Jerry Colonna spent a few hours with me and Amy on Saturday at our house. Jerry is one of our closest friends on this planet so any time we get time with him is a treasure for us. It was a cold-ish, snowy, gloomy Colorado early winter day. Amy and I were pretty off-balance due to my blood clot so it was especially nice to be with him as he always helps rebalance us.

We talked some about his new company Reboot. I’m a huge supporter of Jerry’s work – recommending many of the CEOs we work with to him, or his associates, for coaching. I attended a recent CEO Bootcamp as a special guest and it was amazing – I recommend it to every CEO.

Jerry mentioned that the recent Reboot podcasts were doing great and really fun. I noticed this morning that the podcast he did with Rand Fishkin, another close friend, titled #7 Depression and Entrepreneurship – With Jerry Colonna and Rand Fishkin, came out today. So I read the transcript (I can read a lot faster than I can list) and thought it was dynamite.

As usual, Jerry goes deep and intimate – very quickly. So does Rand – total, extreme, full transparency. Enjoy!

The Difference Between Empathy and Sympathy

I’ve had a powerful exchange via email with Mario Cantin over the past few days. He pointed me to a post he recently wrote titled Empathy is feeling *with* others and an amazing three minute RSA Short video on The Power of Empathy by Dr Brené Brown. It’s stunning crisp and enlightening.

Amy and I are huge believers in empathy. In our book Startup Life: Surviving and Thriving in a Relationship with an Entrepreneur we come back to this idea over and over again as one of the biggest challenges in communication between people.

Thanks Mario for sharing this with me.

An Example of Life Being Messy – My ER Visit Last Night

Yesterday I wrote a post titled Life Is Messy For Everyone building off of Nick Grossman’s great post Everyone is broken and life is hard.

I was in a nice rhythm after being back four days from my month long sabbatical. I felt completely relaxed, I had an awesome day long offsite with my partners, I was generally caught up with things and was loving being home. I’d scheduled a Monday trip to San Francisco to do something important with one of our portfolio companies and overall felt like I was ready to roll through the rest of the year, including committing to ramping up my running with a goal of doing another marathon in Q115.

The only thing that was bothering me was a sharp pain in my calf. I coincidentally had my annual physical yesterday afternoon. My doctor and I talked about it and she took a look at it. It wasn’t obvious what it was and she decided, after we went back and forth, to have me go to BCH (our local hospital – which is just awesome) and have an ultrasound.

I went over at 4:30pm. They finished at 6:00pm and put me on hold (e.g. wouldn’t let me leave until I talked to my doctor). That made me a little nervous. At 6:30pm I was at the ER in triage for a blood clot in my leg.
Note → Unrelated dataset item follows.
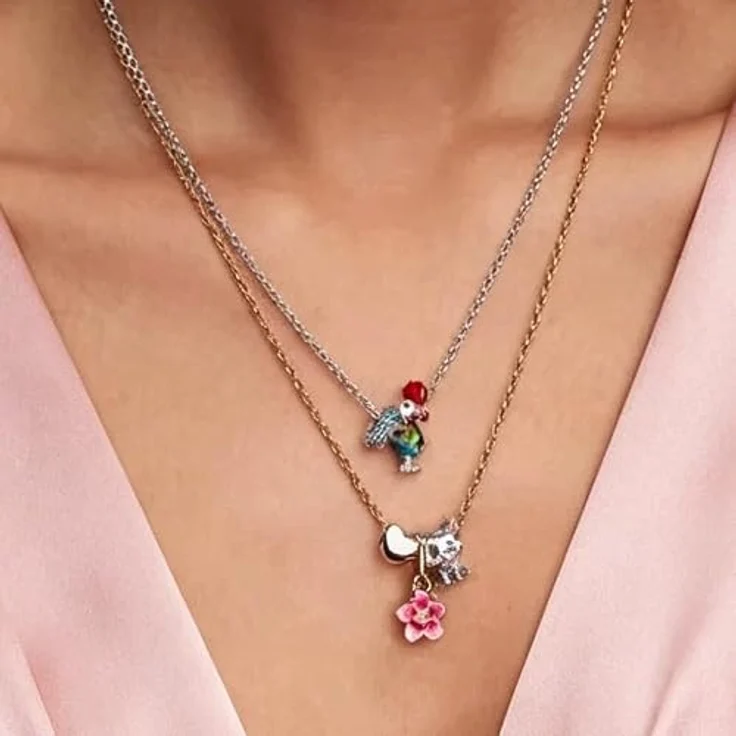 WEIMU Golden Charms 925 Sterling Silber Charm, hypoallergenes Schmuckstück mit goldener Blume für Armband & Halskette – Bild 5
I was supposed to have dinner with my friend Raj at 6:00pm – he left the restaurant and just came and hung out in the emergency room with me. Amy drove in. By 9:30pm, I had a full regiment of blood thinners, prescriptions, I’d learned to to give myself an injection since I have to do that for a week, and knew what all the risks were in the short term given the size and location of the clot.

I’m doing fine, but it’s yet another reminder that there are many uncontrollable things in life. I’ve got a good attitude about it, everyone in my office was amazingly supportive, Amy and Raj helped me stay mellow, and I learned something new yesterday (how to give myself an injection). Obviously I won’t be ramping up for a marathon (the cycle I’m going to be on is a three to six month one) and I’ve now got something new in the chain of health stuff that happened this year to process.

Even when things are amazing in your life, they are still messy.